A few years ago, Robin Simon wasn’t sure she’d ever work again. She dreamt of doing advocacy work for people with mental illness, but thought her own psychiatric history would keep her in treatment–and out of the workplace. But thanks to a “peer specialist” training program, Simon is an advocate at Club Access, a Lower East Side resource center for people with psychiatric disabilities. Simon helps her peers deal with benefits, roommates and other problems. “I’ve had experiences with side effects of meds, and I can say ‘Yeah, I’ve been there,’” she says. “Providers can’t.”

Simon got her training through a unique internship program for people with mental illnesses at the Howie the Harp Advocacy Center on Stanton Street in Manhattan. Howie–his real name was Howard Geld–was a mean harmonica player with an eighth grade education who became a patient advocate in the 1970s. With his own history of mental illness, Geld believed that people who have been through the psychiatric system make ideal advocates and social workers. Geld, who was also the director of Club Access, founded the center that bears his name shortly before his death in 1995.

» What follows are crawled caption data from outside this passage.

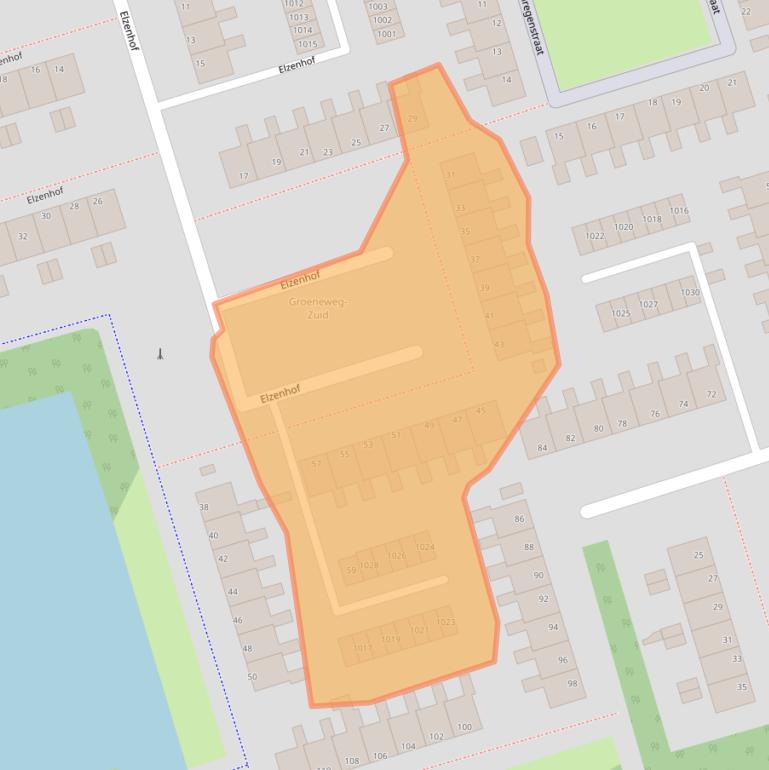 Kaart van postcodegebied 1741ZL.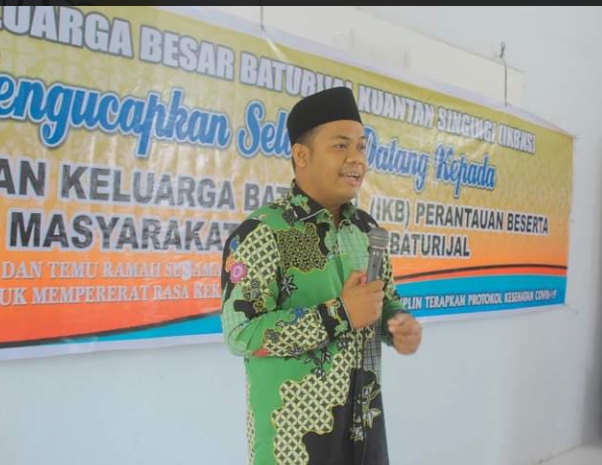 Dodi Irawan Narasumber Halal Bi Halal di IKB Nusantara Dengan Masyarakat Kenegerian Baturijal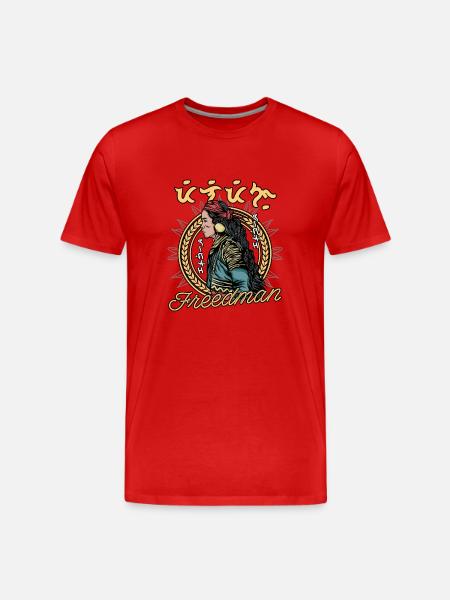 Native America - Men's Premium Organic T-Shirt - red
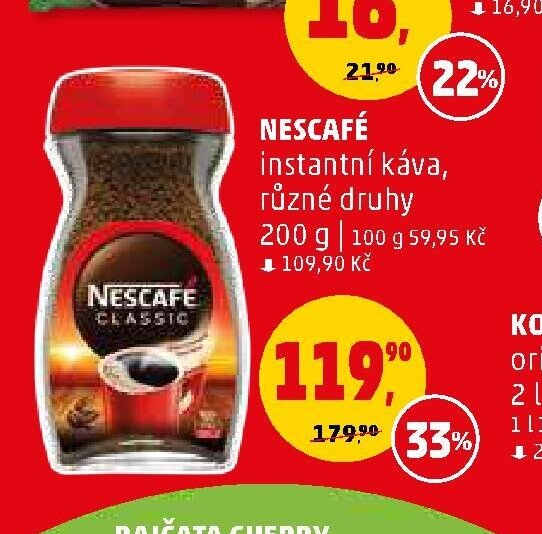 Nescafé instantní káva 200 g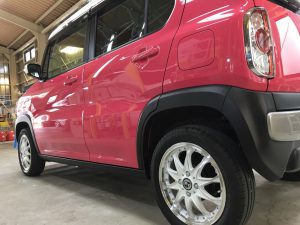 ハスラー・スタンダードコーティング・助手席側後方より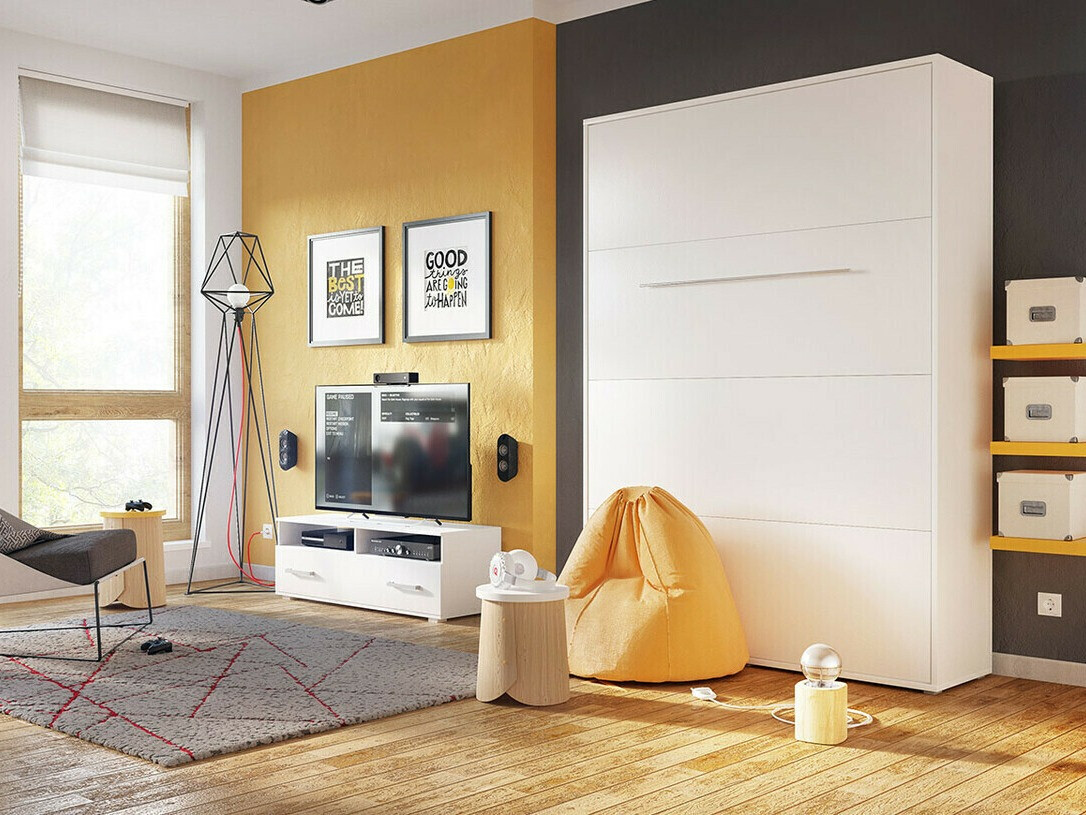 Wall bed Concept Pro Lenart III (White)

The Howie the Harp center prepares students for outreach, counseling, advocacy, and case management jobs. It offers more than 100 hours of classroom training on everything from legal entitlements and cultural sensitivity to stress management, followed by hands-on internship work. And it provides job search assistance and support groups.

Simon has begun educating hospital workers on how to treat patients more considerately. “I don’t want anyone to experience what I went through,” she says. “It was devastating.”